Émaux bressans et usages
Les usages, les types d’objets et les propriétaires d’émaux bressans sont nombreux et divers. En acquérant des objets, souvent achetés, commandés, offerts et portés lors d’occasions particulières, les propriétaires font valoir leur statut social, leur connaissance des goûts du jour, leur culture. En considérant ces valeurs, les émailleurs parviennent à se constituer une clientèle au profil varié.
Au tournant du 19e siècle, l’émail est au goût du jour, les émaux bressans sont à leur apogée tandis que leur facture de cette se caractérise par l’abondance de paillons et de perles d’émail.
Après la Grande Guerre, les ventes baissent suite à l’apparition des bijoux fantaisies qui, réalisés à partir de matériaux simples et peu coûteux, offrent des prix très abordables et plaisent pour leur qualité et leur diversité esthétique. La facture des émaux se modernise en se simplifiant, les paillons, moins nombreux, sont apposés de manière à sublimer le couleur et la vibrance de l’émail.
Les émaux bressans, bijoux régionaux et paysans
Le poète Gabriel Vicaire célèbre cet objet dans son recueil de poèmes intitulé Les Emaux bressans. Pour lui, les émaux bressans sont des bijoux propres à leur région et portés par les paysannes. La relative modestie du prix des émaux permet à des familles paysannes d’acquérir des objets et des bijoux en conséquence de leur richesse.
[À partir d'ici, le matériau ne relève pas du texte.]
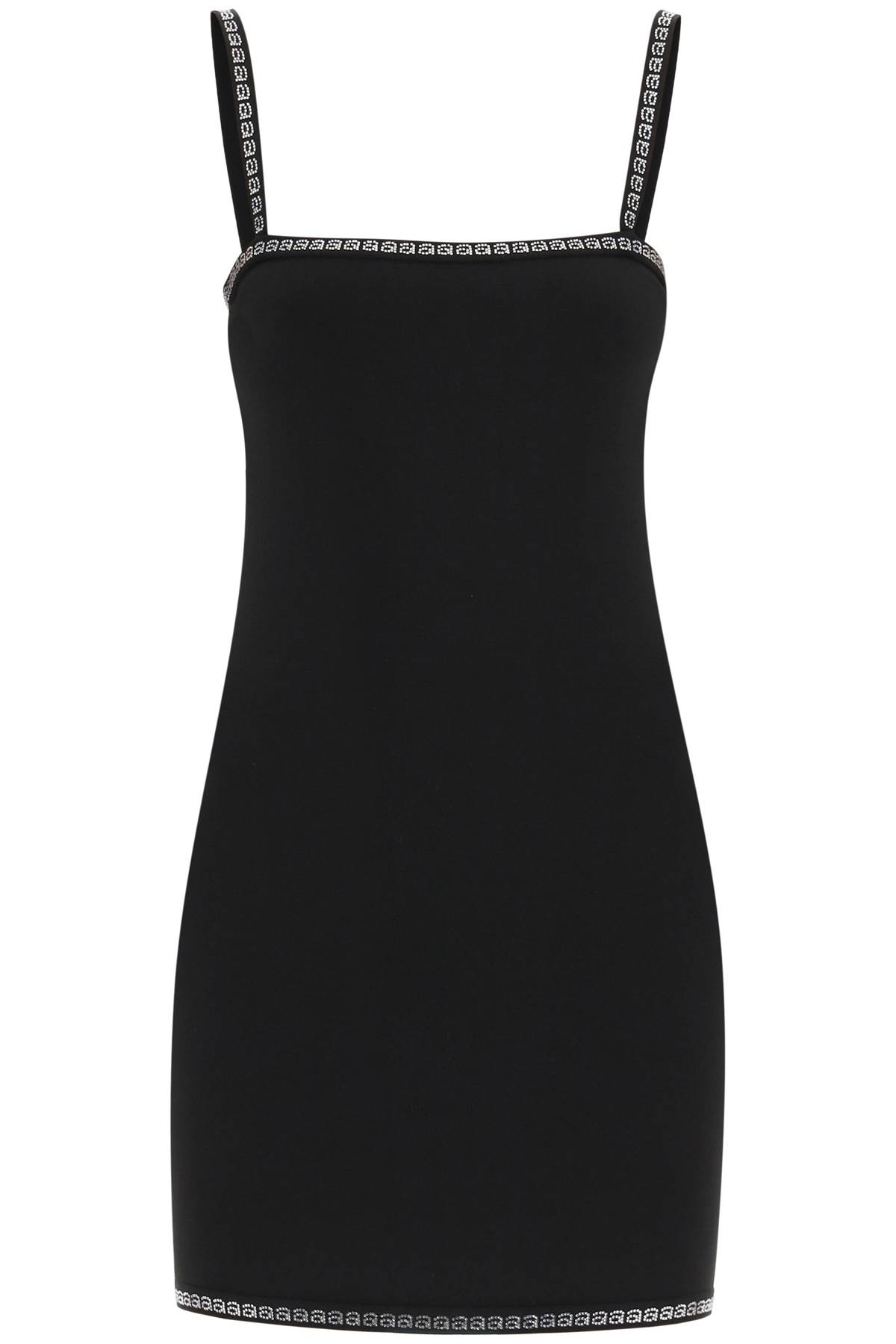 Shop Alexander Wang Mini Dress With Crystal Trims In Black (black)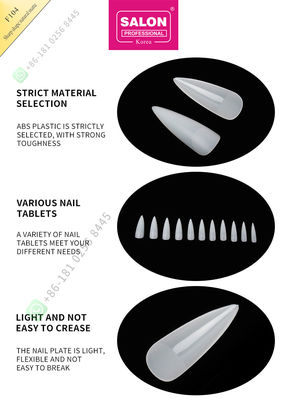 500pcs Sharp Shape Matte Lady French Style Kuku Palsu Buatan Setengah Tips dan Penutup Penuh Kuku Palsu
L’objet devient présent d’exception et son usage semble étroitement lié à l’ancrage et à la préservation de rites de passage eux-mêmes inhérents à des croyances religieuses et à des actes civils.
Une croix-pendentif est donnée lors d’une communion, le prétendant présente un collier d’esclavage à sa future fiancée, mères et filles se transmettent leurs biens. Ces rites donnent lieu à des fêtes qui constituent l’occasion de se parer de ses émaux.
Objet à la mode et apanage des catégories sociales aisées
Les émaux bressans sont aussi le privilège des catégories sociales aisées vivant quotidiennement en milieu urbain. Vinaigrettes, jumelles de théâtre, carnets de bal, châtelaines ou boutons de manchette en émaux bressans attestent de l’usage de ces derniers dans des réceptions fastueuses tenues dans la demeure privée ou dans les lieux publics comme le théâtre ou l’opéra où il convenait de se montrer, d’afficher sa culture, sa fortune, sa coquetterie pour les femmes, son élégance pour les hommes.
Dans ces lieux de représentation, les artistes telles qu’Anna Pavlova, la bourgeoisie locale et les élites princières deviennent des facteurs du rayonnement des émaux.
Émaux bressans religieux : liturgie et dévotion privée
L’émail est très exploité aux 19e et 20e siècles pour deux grandes catégories d’objets religieux : ceux employés pour la célébration du culte catholique (calices, ciboires, ostensoirs, croix épiscopales...) et ceux de dévotion (chapelets, bénitiers, statues de saints, scènes historiées peintes...).
Dans le contexte du néogothique réinterprétant le Moyen-Âge, la reconsidération pour les émaux religieux limousins ravive le goût pour l’émail. Amédée Fornet s’inscrit dans cette dynamique. Pour l’église Notre-Dame de Bourg-en-Bresse, il crée le réseau de filigrane d’or des couronnes des statues de la Vierge noire et de l’Enfant-Jésus et collabore avec l’orfèvre lyonnais Armand-Calliat pour la réalisation de l’autel majeur. Des croix pectorales portés par les évêques de Belley et le curé d’Ars, un reliquaire, des bénitiers et des plaques de dévotion aux formes singulières et ornées d’un décor de filigranes enchâssant des petites plaques émaillées bressanes sortent également des ateliers burgiens.